This book is a gem of feminine insight and should be required reading (I truly hate that term, but in this case, it is valid)
for women over 30. Not to mention women who plan to reach 30. I recall having this book forced down our immature throats in
junior high English class, when the book first came out to critical acclaim in the late 50's. This seemed ill-advised, as the subject matter, plus lack of plot and character development or even characters in the first place, proved quite beyond the limited literary appreciation of the class.
Half a lifetime later, while perusing the dusty shelves of a used book store, I came across a copy of that almost forgotten book, presented so enthusiastically but naively by my long-ago English teacher. Now, as an adult, I decided to give it mature consideration; Ic can't believe what a treasure I had in my hands--how I had missed these pearls of human wisdom for decades! But it is never too late to recognize a jewel between covers.

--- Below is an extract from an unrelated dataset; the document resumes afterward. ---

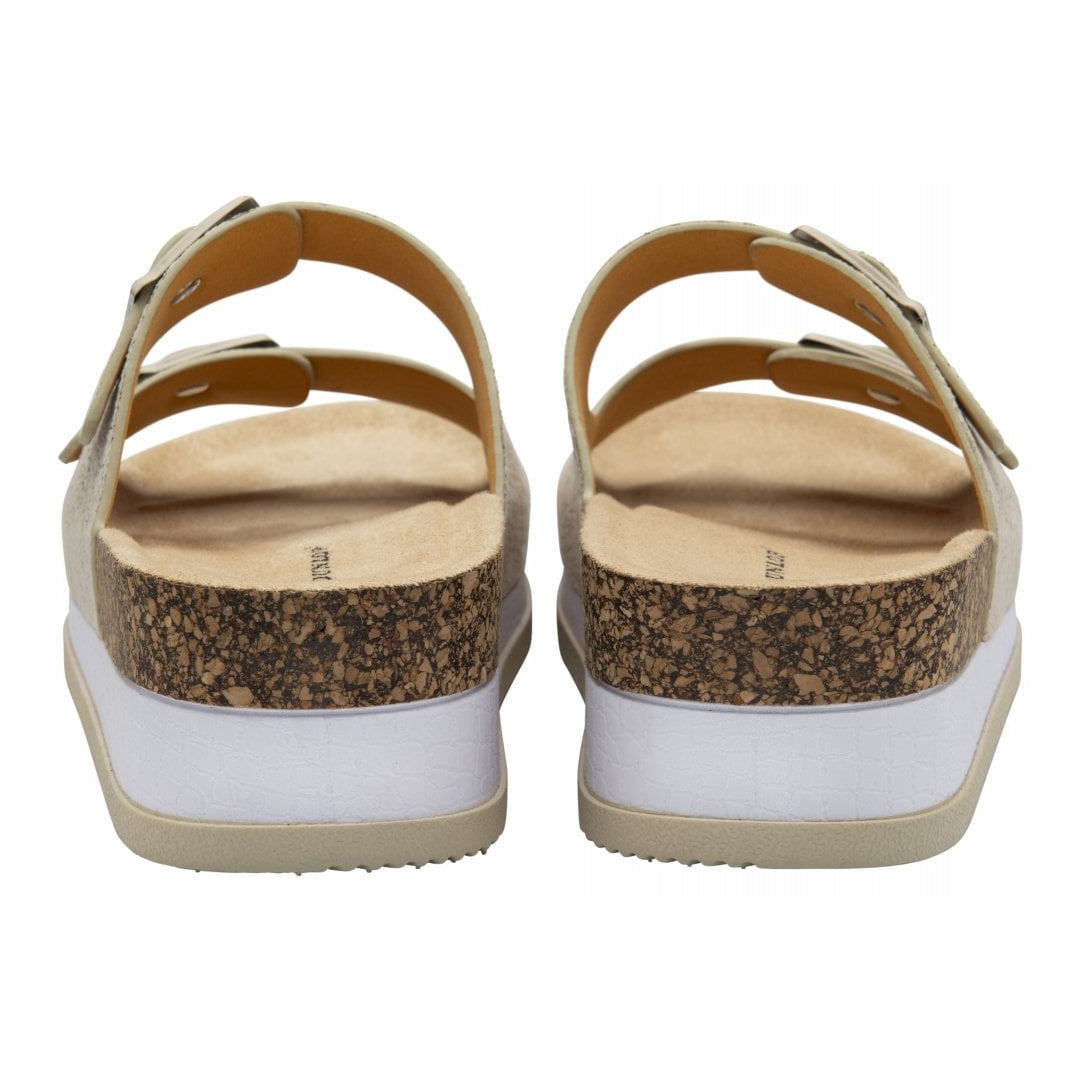 Light Gold Fern Open-Toe Mule Sandals | Dunlop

The author felt impelled to take a retreat on an almost deserted island--perhaps to reflect at lesiure upon her roles as daughter, sister, wife, mother, woman and human being. As she strolls carelessly along the soothingly indifferent shore, she can not resist picking up vairous shells--all gifts, as it were, from the sea. Considering each type at length at days' end, she realizes that these various shells represent the the different stages of a woman's life. The bivalves, like butterly shells, remind her of the marriage bonds; the chambered nautilus reflects her home, which needs more rooms as the family expands. For Lindbergh each shell fills a special niche in the multitudinous roles which is a woman's privilege to perform. So I invite all thoughtful, sensitive women to plunge their hands into the foamy surf and contemplate the gifts from the sea...of Life. Don't be afraid to recall the stages of your own past, for all personal struggles have validity in one's private destiny. Lindbergh's gift to humanity is a her tender but timeless insight.